Write the data out in full and word for word. Do not include images.

**LISTED ENTRIES:**

==========

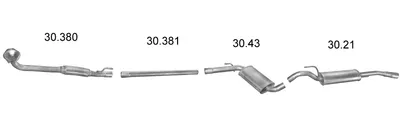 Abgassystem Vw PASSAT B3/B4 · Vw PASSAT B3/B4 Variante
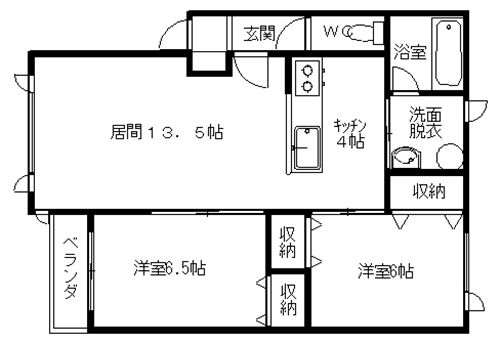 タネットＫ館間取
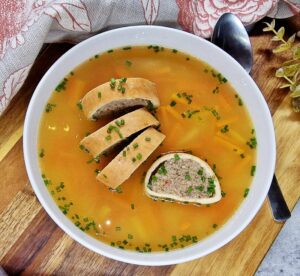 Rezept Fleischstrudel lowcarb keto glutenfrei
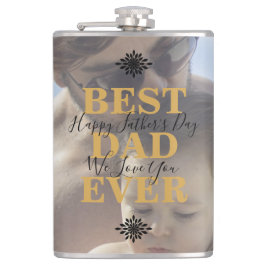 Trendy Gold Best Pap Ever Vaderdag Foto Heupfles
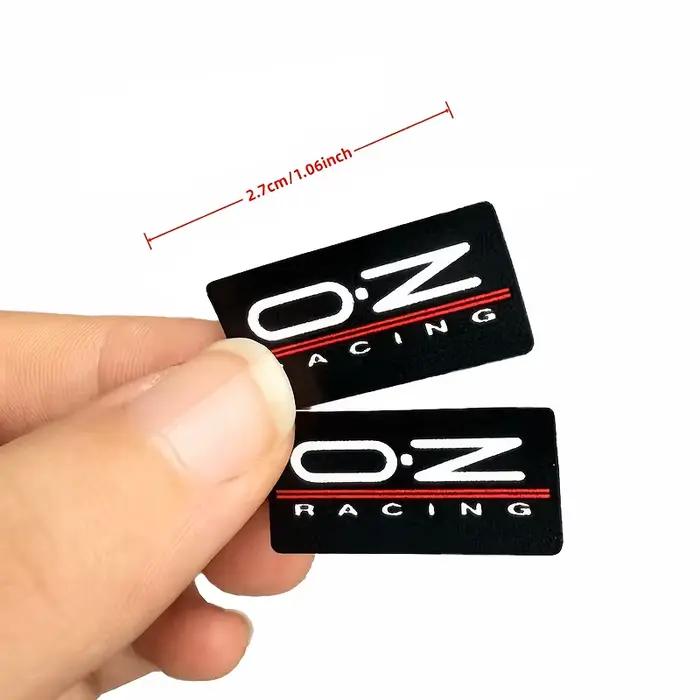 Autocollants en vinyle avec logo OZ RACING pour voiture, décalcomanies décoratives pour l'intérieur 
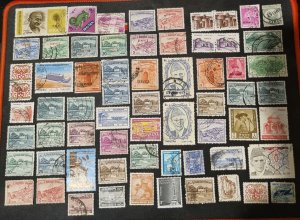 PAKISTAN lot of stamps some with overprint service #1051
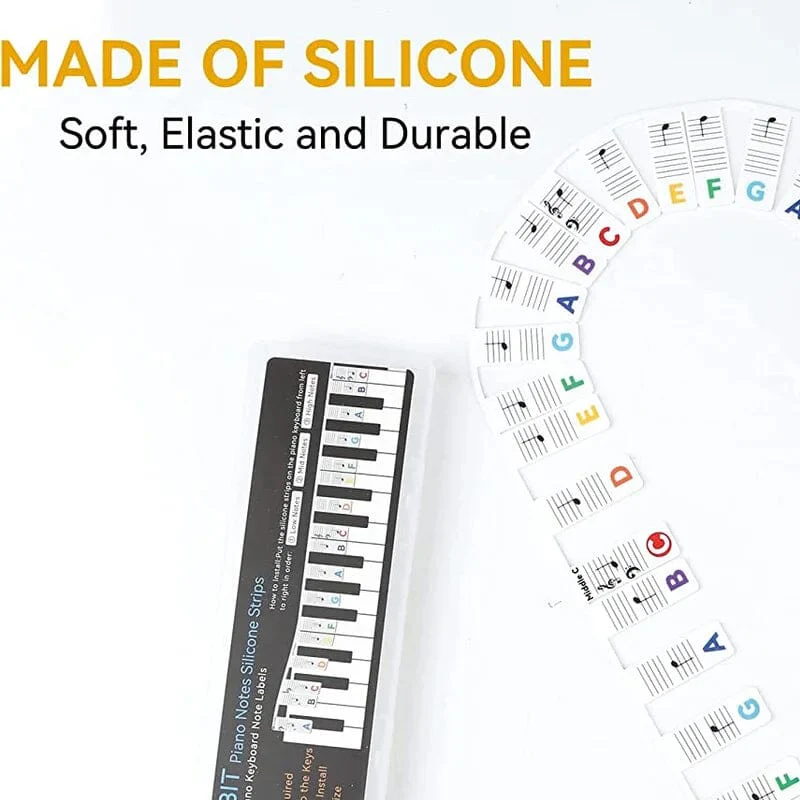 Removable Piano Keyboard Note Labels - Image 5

==========

**THE ANSWER:**
 Abgassystem Vw PASSAT B3/B4 · Vw PASSAT B3/B4 Variante
 タネットＫ館間取
 Rezept Fleischstrudel lowcarb keto glutenfrei
 Trendy Gold Best Pap Ever Vaderdag Foto Heupfles
 Autocollants en vinyle avec logo OZ RACING pour voiture, décalcomanies décoratives pour l'intérieur 
 PAKISTAN lot of stamps some with overprint service #1051
 Removable Piano Keyboard Note Labels - Image 5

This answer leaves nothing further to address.